YOUR GOAL: Beginning with the first line of the entries below, quote each line until you reach and include the line with "FLY ASH BLOCKS MAKING MACHINE".

RECORDED DATA:
*** Begin section ***
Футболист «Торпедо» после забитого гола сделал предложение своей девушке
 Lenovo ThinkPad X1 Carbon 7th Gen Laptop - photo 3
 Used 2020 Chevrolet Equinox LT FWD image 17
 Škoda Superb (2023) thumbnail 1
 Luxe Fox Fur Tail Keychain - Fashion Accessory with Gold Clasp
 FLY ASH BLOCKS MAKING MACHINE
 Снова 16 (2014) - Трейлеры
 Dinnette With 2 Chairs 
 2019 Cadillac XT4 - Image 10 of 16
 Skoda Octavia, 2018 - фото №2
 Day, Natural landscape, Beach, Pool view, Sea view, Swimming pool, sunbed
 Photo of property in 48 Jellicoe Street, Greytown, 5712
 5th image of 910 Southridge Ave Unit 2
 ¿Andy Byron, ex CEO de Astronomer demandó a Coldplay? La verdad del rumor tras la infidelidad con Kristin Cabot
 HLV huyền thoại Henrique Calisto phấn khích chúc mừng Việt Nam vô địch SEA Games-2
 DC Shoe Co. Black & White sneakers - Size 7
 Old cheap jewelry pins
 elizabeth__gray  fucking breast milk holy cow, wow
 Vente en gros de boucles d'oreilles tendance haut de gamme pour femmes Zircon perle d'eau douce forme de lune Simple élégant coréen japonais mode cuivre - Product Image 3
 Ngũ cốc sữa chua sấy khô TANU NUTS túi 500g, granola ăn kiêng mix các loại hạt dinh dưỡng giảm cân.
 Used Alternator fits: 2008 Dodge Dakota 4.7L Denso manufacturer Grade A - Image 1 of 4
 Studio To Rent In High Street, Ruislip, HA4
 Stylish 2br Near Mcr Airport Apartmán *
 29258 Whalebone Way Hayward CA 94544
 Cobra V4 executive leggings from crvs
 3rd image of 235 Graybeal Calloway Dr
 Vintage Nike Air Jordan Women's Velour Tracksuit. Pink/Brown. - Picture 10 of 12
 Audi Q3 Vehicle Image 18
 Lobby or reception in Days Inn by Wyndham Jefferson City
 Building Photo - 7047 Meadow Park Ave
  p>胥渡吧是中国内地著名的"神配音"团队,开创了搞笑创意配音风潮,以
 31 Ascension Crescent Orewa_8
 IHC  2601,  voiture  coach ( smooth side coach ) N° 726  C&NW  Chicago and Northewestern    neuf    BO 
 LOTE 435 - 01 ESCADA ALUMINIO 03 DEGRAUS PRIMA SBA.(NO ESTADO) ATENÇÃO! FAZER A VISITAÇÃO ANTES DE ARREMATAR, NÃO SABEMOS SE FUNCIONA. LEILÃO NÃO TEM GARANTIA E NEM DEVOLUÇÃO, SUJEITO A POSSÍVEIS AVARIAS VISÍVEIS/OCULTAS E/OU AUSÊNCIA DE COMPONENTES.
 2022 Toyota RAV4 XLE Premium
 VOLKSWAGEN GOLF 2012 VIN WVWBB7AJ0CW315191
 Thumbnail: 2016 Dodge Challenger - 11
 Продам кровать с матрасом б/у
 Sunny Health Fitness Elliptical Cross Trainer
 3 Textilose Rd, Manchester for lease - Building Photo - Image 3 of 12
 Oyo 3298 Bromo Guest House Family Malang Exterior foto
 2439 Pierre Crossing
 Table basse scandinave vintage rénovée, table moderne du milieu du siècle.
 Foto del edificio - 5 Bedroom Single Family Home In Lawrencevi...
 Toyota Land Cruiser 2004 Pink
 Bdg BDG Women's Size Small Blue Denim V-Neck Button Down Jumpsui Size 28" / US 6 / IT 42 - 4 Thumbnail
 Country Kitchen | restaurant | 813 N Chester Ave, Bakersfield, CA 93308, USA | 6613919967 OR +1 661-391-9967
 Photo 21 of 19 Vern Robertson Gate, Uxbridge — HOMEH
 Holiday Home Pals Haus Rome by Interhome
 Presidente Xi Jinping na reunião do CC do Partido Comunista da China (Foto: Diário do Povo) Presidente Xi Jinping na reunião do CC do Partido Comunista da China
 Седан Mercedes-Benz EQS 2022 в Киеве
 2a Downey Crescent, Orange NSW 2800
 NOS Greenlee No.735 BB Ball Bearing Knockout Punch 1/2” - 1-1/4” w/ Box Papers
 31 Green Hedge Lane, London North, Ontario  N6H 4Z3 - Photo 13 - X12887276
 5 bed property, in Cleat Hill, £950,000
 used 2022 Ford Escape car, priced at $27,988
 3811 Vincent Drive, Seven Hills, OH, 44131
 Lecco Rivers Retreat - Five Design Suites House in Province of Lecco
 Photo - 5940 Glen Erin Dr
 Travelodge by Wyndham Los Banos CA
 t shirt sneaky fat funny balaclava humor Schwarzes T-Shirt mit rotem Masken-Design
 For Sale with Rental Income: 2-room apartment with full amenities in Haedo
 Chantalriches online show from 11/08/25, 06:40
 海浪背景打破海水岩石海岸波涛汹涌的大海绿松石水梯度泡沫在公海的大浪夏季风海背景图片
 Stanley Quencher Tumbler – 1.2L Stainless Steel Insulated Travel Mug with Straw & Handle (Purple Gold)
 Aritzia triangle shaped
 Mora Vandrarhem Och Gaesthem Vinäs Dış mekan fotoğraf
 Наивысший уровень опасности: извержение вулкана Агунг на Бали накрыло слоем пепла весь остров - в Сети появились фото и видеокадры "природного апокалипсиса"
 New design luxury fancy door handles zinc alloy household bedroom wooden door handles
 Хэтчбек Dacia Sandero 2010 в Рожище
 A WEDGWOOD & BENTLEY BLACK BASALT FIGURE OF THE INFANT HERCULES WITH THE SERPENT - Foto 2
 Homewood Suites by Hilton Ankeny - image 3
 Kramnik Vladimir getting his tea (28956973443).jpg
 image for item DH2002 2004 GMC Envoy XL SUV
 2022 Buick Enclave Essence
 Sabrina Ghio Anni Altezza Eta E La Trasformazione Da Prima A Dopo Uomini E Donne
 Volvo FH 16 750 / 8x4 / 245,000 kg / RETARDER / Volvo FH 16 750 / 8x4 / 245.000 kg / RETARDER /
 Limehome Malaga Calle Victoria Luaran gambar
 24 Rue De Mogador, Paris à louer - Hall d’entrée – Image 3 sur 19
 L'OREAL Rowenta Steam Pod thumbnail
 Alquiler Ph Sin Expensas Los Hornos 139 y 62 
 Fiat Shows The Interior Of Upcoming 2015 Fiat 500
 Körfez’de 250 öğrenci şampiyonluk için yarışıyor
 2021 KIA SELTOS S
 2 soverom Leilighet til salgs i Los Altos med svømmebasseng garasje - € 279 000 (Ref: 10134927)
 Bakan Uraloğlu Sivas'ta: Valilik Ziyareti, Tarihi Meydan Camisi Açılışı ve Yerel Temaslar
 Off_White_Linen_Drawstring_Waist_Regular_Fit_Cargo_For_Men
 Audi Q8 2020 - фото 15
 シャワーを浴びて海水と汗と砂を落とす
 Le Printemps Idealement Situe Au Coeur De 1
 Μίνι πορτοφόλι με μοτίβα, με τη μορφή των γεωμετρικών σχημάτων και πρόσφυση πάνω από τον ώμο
*** End section ***
SOLVED EXERCISE:
Футболист «Торпедо» после забитого гола сделал предложение своей девушке
 Lenovo ThinkPad X1 Carbon 7th Gen Laptop - photo 3
 Used 2020 Chevrolet Equinox LT FWD image 17
 Škoda Superb (2023) thumbnail 1
 Luxe Fox Fur Tail Keychain - Fashion Accessory with Gold Clasp
 FLY ASH BLOCKS MAKING MACHINE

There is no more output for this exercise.